Choose guardians based on the stats and traits you want each character to have:
- Your heir should be a likable ruler with strong stats.
- The same applies to your heir's heir, or anyone you might choose as an heir.
- Vassals should be Content , share your culture, and share positive personality traits with your heir.
- Claimants on your titles should be managed carefully, lest they become adventurers or gain faction support.
- Dynastic claimants on foreign realms should be encouraged to become adventurers, so you can join their war and gain an ally.
- Future cardinals and antipopes should be virtuous, pious, and generally likable.
- Future council members should be strong in their primary attribute.
- Future spymasters should also have high ai_honor so they don't help murder your kids, but this tends to conflict with having high intrigue skill...

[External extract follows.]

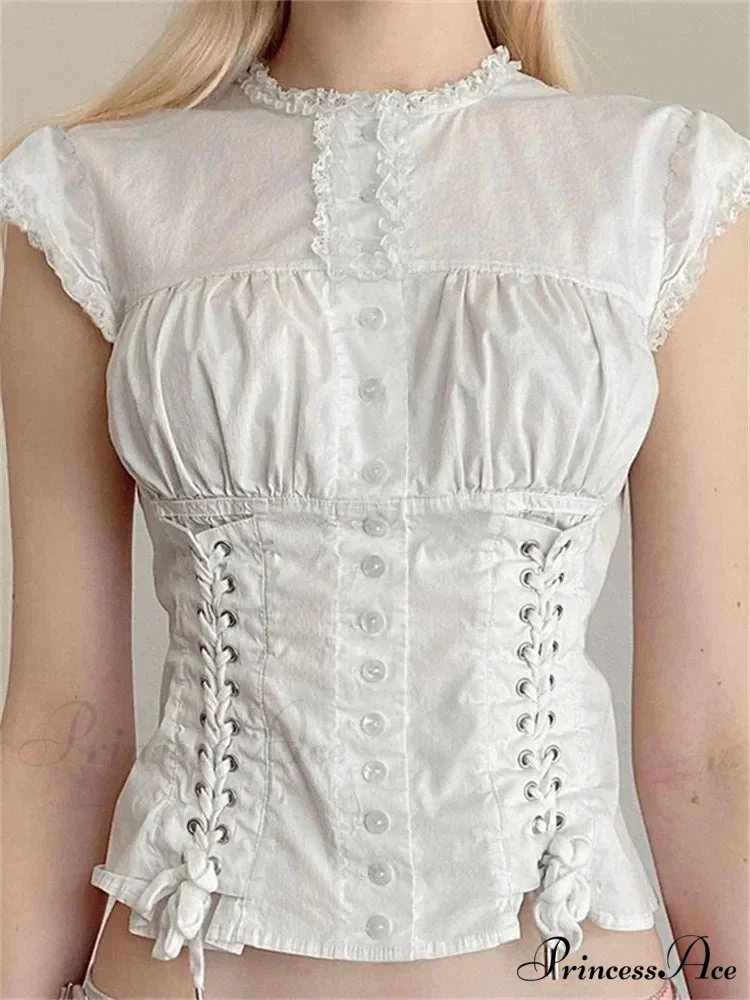 Antique Lace Edging Cap Sleeve Bandage Top - Image 3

Educate heir yourself: you have much better control over a child's personality this way than by choosing a guardian. Once the child has 5 personality traits, you can safely send them to another tutor for better stats or education trait. (this is no longer a guarantee, there have been reports of a 6th, or even 7th trait before the age of 16)

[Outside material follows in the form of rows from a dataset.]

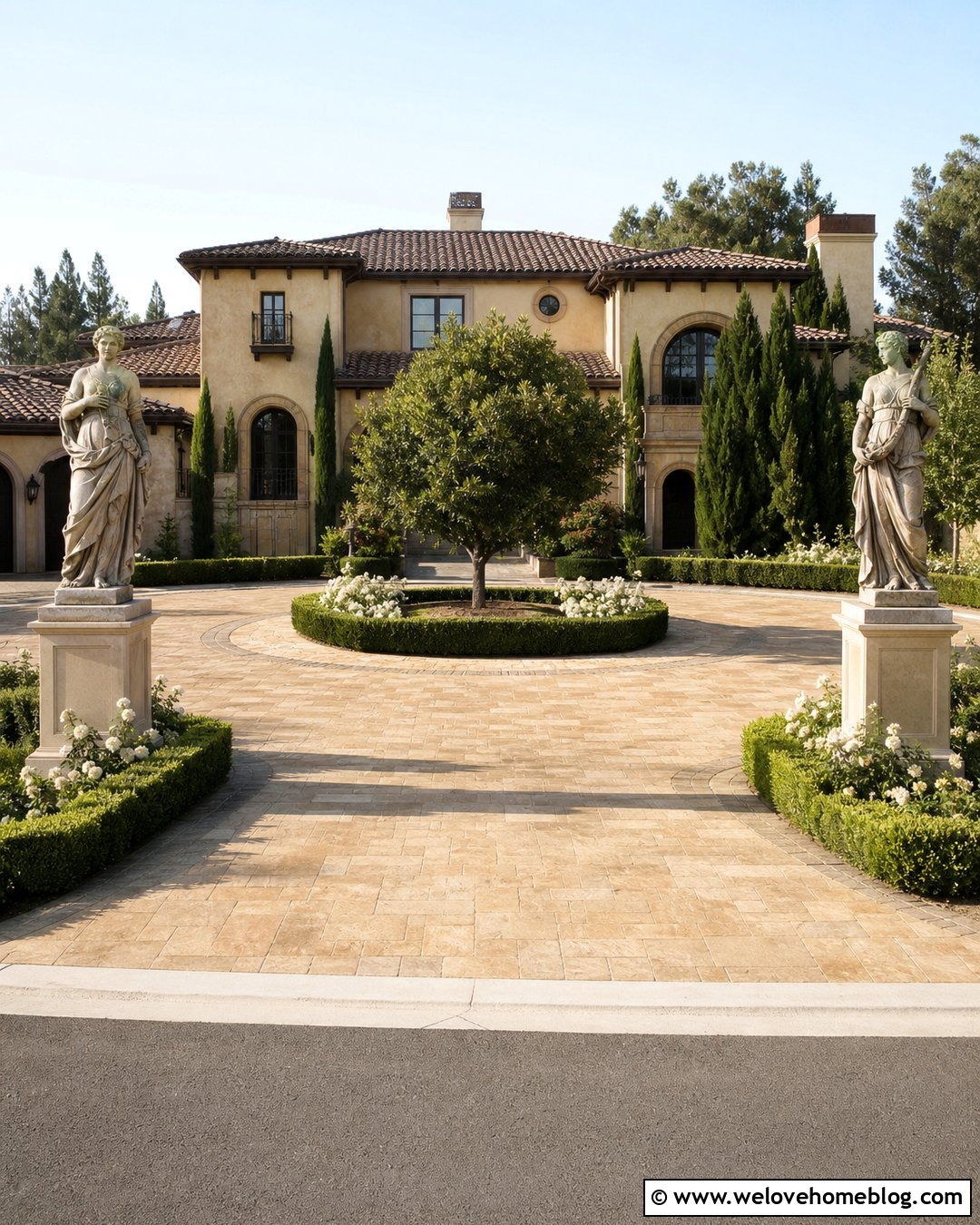 Greek Statues Beside a Circular Paver Driveway - 20 Driveway Statues Ideas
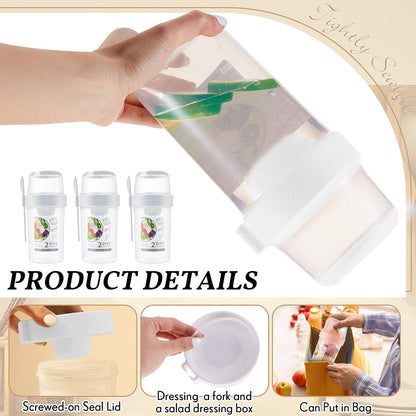 3 Pcs Salad Shaker Cup with Lids and Fork Fresh Salad Shaker Container for Lunch, Portable Breakfast Meal Vegetable and Fruits (White)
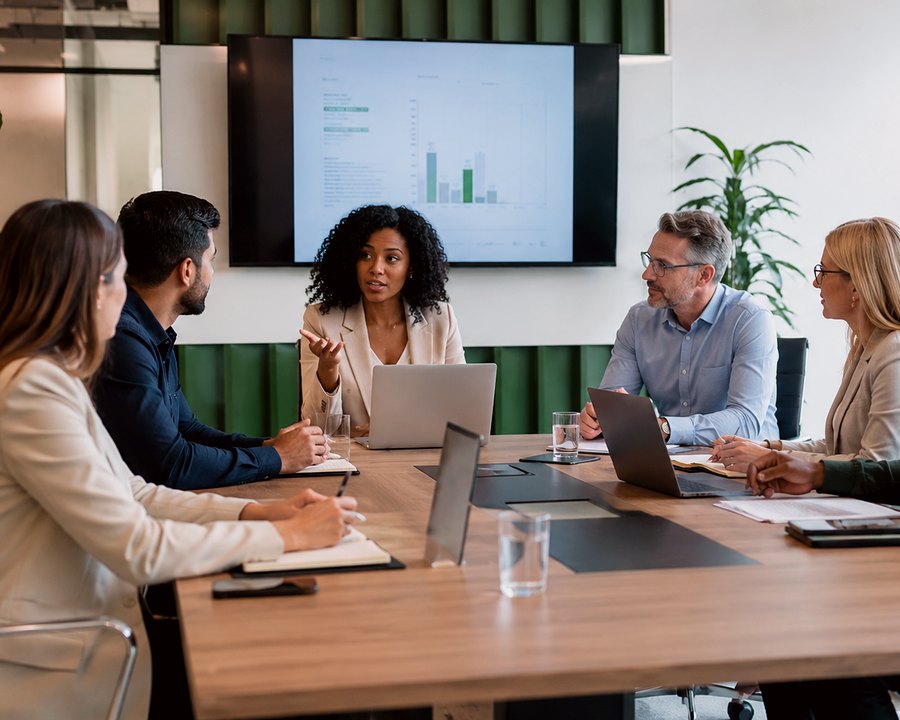 Team planning a meeting with documents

Always have two wards: choices in the events can help your character, especially if you don't care about the child's well-being.
Look for guardians with Tier 4 education traits: having such a tutor in the last year gives the child a good chance to pick up the same education, for +9 in one stat and +2 in two others.
If you pick a guardian outside your own court, be careful with guardians of other religions/cultures, unless you actually want to switch religion/culture. If both the guardian and the owner of the court the guardian is in (the same person if the guardian themself is landed) is of a different culture/religion, your child may switch. Note that if you are a child, you can choose to avoid the culture- and religion-changing events, so you can have a different-culture guardian without danger of being unwillingly converted.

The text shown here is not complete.